* _Work item_
Take the lines below from the one with "Jimmy Choo Diamond" through the one with "Pet Wipes for" and print only them, exactly. Don't print the pictures.

* _Dataset excerpts_
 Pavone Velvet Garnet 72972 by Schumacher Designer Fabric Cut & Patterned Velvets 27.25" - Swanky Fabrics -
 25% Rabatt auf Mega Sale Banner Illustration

* * *

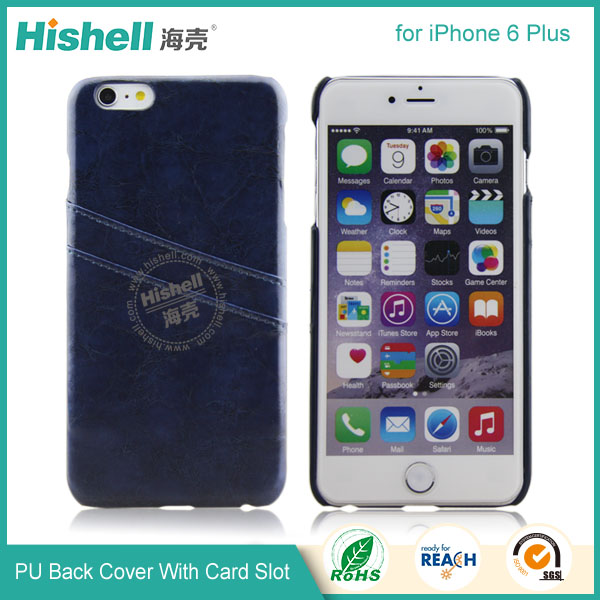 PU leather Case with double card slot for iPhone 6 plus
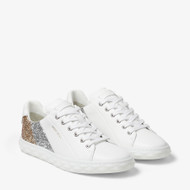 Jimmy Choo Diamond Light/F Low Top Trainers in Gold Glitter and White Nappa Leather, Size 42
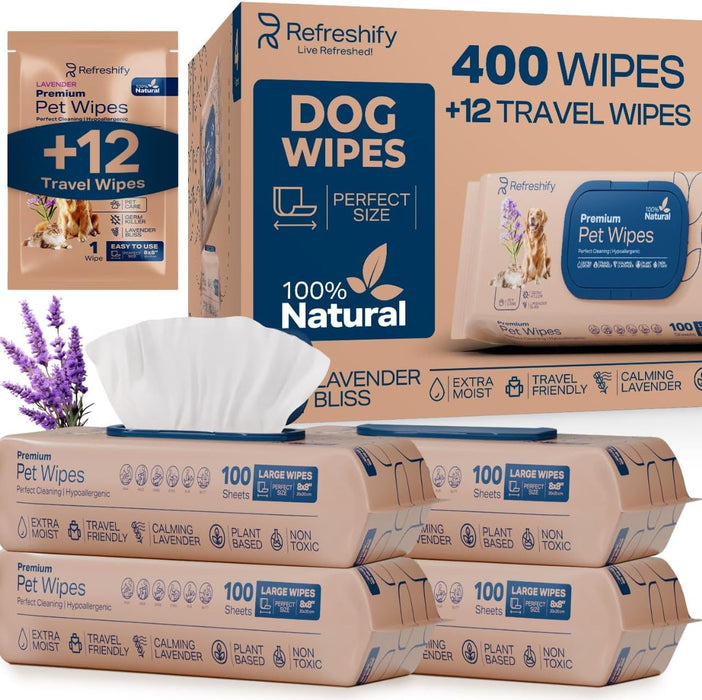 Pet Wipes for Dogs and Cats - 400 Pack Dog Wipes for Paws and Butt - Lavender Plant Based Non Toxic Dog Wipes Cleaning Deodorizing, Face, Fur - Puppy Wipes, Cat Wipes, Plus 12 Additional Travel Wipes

* _Written response_
 Jimmy Choo Diamond Light/F Low Top Trainers in Gold Glitter and White Nappa Leather, Size 42
 Pet Wipes for Dogs and Cats - 400 Pack Dog Wipes for Paws and Butt - Lavender Plant Based Non Toxic Dog Wipes Cleaning Deodorizing, Face, Fur - Puppy Wipes, Cat Wipes, Plus 12 Additional Travel Wipes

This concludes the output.